The state’s population may be increasing by 30 percent almost overnight — with some projections estimating that 370,000 to 500,000 people will be coming to a state that has 1.6 million people.
There will be delays.
Oregon is already seeing eclipse backups. On Thursday afternoon, traffic was backed up 30 miles on U.S. 26 and another road east of Prineville. An eclipse-themed festival in a remote area there is expected to attract 30,000 people.
In Idaho, travelers can stay up-to-date on the road ahead several different ways, including the state’s traveler information Web site: 511.idaho.gov, or by calling 511.
That’s where you’ll find updated information on road conditions, delays and detours.

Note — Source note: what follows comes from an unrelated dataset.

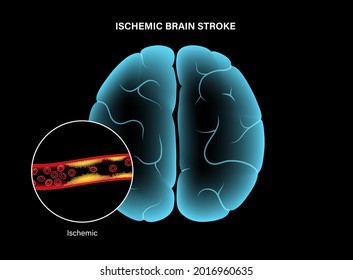 Ictus cerebral isquémico, arteriosclerosis. Infarto, tia, concepto cva. Colesterol en los vasos sanguíneos. Células grasas en vena y arteria, niveles altos de ldl y hdl. Ilustración vectorial plana de concepto vascular bloqueada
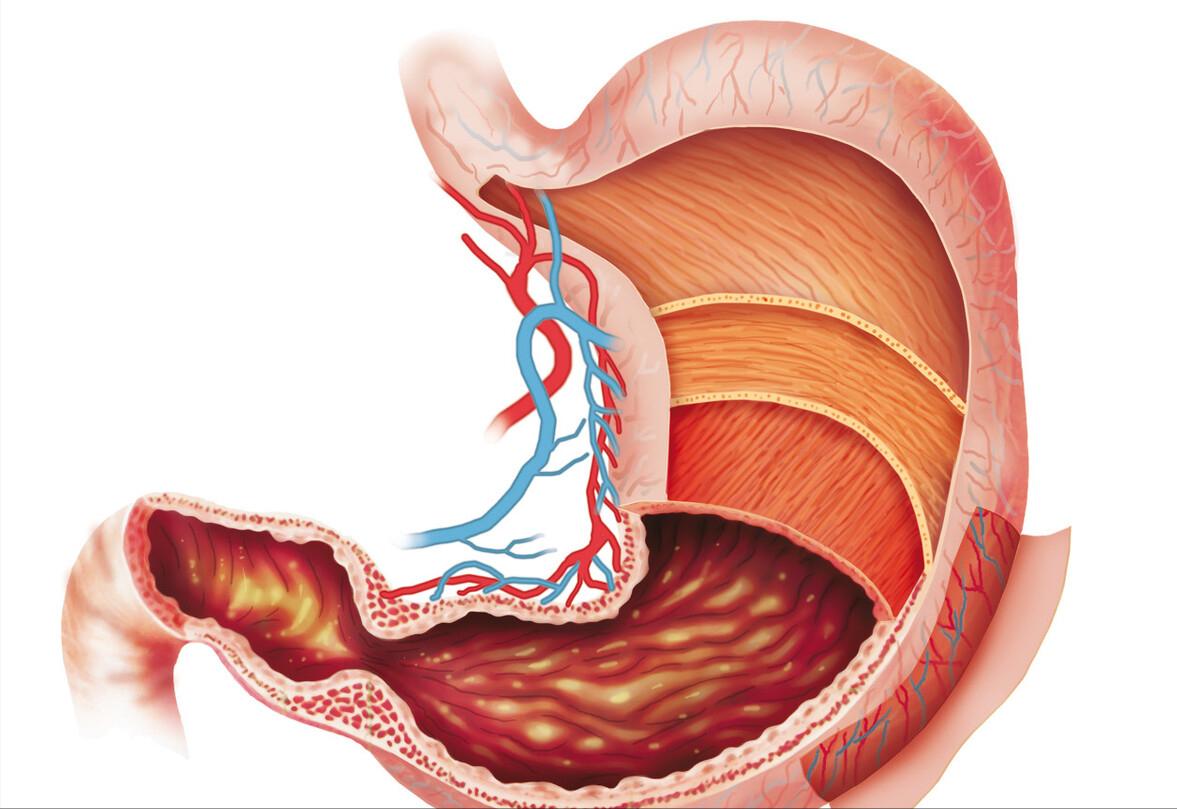 胃有湿气吃什么药能治疗,胃湿气重吃什么药好得快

Caught in the crush of traffic around the state this weekend will be college students headed back to school, including the University of Idaho and Boise State University. Move-in day was Thursday at Idaho, and it’s Friday at Boise State. But students will be returning through the weekend. Classes start Monday at both schools.
Some of the messages on Idaho’s 511 site encouraged eclipse tourists to delay their return trip home to avoid getting stuck in a crush of traffic headed out of the state.
“If you can spend more time, do it, because it’s probably going to be less stressful for you,” said Vince Trimboli, spokesman for the Idaho Transportation Department.
The transportation department aims to help keep travelers on their way by publicizing traffic counts at 24 different locations around the state, starting Friday. Find that online at itd.idaho.gov/eclipse.
The largest influx of visitors is expected to come from points south via Interstate 15 in East Idaho, Trimboli said.
“That’s the closest most populated area. We expect to see a high volume of people coming from Utah,” he said, adding that there have been reports that Idaho is a top destination for people from California, Nevada and Arizona.
There’s a lot of construction on Interstate 15, so state transportation officials had a cellphone app created specifically for eclipse tourists to navigate the construction, Trimboli said.
They later decided to temporarily suspend construction on the interstate and restore all lanes of travel on Interstate 15 until after the eclipse, when construction will resume, Trimboli said.
“[The app] should still tell people where the heavy traffic areas are,” he said.
The app shows current and predicted travel times on I-15 between Utah and Montana, U.S. 91 from Chubbuck to Idaho Falls and U.S. 20 from Idaho Falls to Wester Yellowstone. It has a link to the 511 travel info site.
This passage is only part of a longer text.